One approach to building an ANFIS solution for this problem, is to build two ANFIS networks, one to predict theta1 and the other to predict theta2.
In order for the ANFIS networks to be able to predict the angles they have to be trained with sample input-output data. The first ANFIS network will be trained with X and Y coordinates as input andc orresponding theta1 values as output. The matrix data1 contains the x-y-theta1 dataset required to train the first ANFIS network. Therefore data1 will be used as the dataset to train the first ANFIS network. Similarly, the second ANFIS network will be trained with X and Y coordinates as input and corresponding theta2 values as output. The matrix data2 contains the x-y-theta2 dataset required to train the second ANFIS network. Therefore data2 will be used as the dataset to train the second ANFIS network.

## Validating ANFIS Networks

Having trained the networks, an important follow up step is to validate the networks to determine how well the ANFIS networks would perform inside the larger control system.
Since this example problem deals with a two-joint robotic arm whose inverse kinematics formulae can be derived, it is possible to test the answers that the ANFIS networks produce with the answers from the derived formulae.
Let’s assume that it is important for the ANFIS networks to have low errors within the operating range 0<x<2 and 8<y<10. The theta1 and theta2 values are deduced mathematically from the x and y coordinates using inverse kinematics formulae. THETA1D and THETA2D are the variables that hold the values of theta1 and theta2 deduced using the inverse kinematics formulae. theta1 and theta2 values predicted by the trained anfis networks are obtained by using the command evalfis which evaluates a FIS for the given inputs.
Now, we can see how close the FIS outputs are with respect to the deduced values. The errors are in the 1e-3 range which is a fairly good number for the application it is being used in. However this may not be acceptable for another application, in which case the parameters to the anfis function may be tweaked until an acceptable solution is arrived at. Also, other techniques like input selection and alternate ways to model the problem may be explored.

## Building a Solution Around the Trained ANFIS Networks

Now given a specific task, such as robots picking up an object in an assembly line, the larger control system will use the trained ANFIS networks as a reference, much like a lookup table, to determine what the angles of the arms must be, given a desired location for the tip of the arm. Knowing the desired angles and the current angles of the joints, the system will apply force appropriately on the joints of the arms to move them towards the desired location.

## Conclusion

This example illustrated using ANFIS to solve an inverse kinematics problem. Fuzzy logic has also found numerous other applications in other areas of technology like non-linear control, automatic control, signal processing, system identification, pattern recognition, time series prediction, data mining, financial applications etc.,

## Glossary

ANFIS – Adaptive Neuro-Fuzzy Inference System. a technique for automatically tuning Sugeno-type inference systems based on training data.

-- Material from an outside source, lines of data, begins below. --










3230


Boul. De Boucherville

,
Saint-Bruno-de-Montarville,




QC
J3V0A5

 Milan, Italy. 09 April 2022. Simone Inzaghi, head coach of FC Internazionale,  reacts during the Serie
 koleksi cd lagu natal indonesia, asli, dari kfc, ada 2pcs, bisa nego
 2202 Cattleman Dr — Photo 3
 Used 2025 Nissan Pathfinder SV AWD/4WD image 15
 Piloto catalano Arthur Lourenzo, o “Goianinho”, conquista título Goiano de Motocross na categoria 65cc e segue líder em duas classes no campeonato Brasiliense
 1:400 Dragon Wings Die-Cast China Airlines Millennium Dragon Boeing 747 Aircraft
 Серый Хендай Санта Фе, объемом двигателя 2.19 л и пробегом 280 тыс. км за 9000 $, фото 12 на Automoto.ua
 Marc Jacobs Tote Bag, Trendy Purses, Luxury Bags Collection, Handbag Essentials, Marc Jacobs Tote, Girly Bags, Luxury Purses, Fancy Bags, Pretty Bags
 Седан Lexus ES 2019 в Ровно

membership functions – a function that specifies the degree to which a given input belongs to a set or is related to a concept.

input space – it is a term used to define the range of all possible values

FIS – Fuzzy Inference System. The overall name for a system that uses fuzzy reasoning to map an input space to an output space.

epochs – 1 epoch of training represents one complete presentation of all the samples/datapoints/rows of the training dataset to the FIS. The inputs of each sample are presented and the FIS outputs are computed which are compared with the desired outputs to compute the error between the two. The parameters of the membership functions are then tuned to reduce the error between the desired output and the actual FIS output.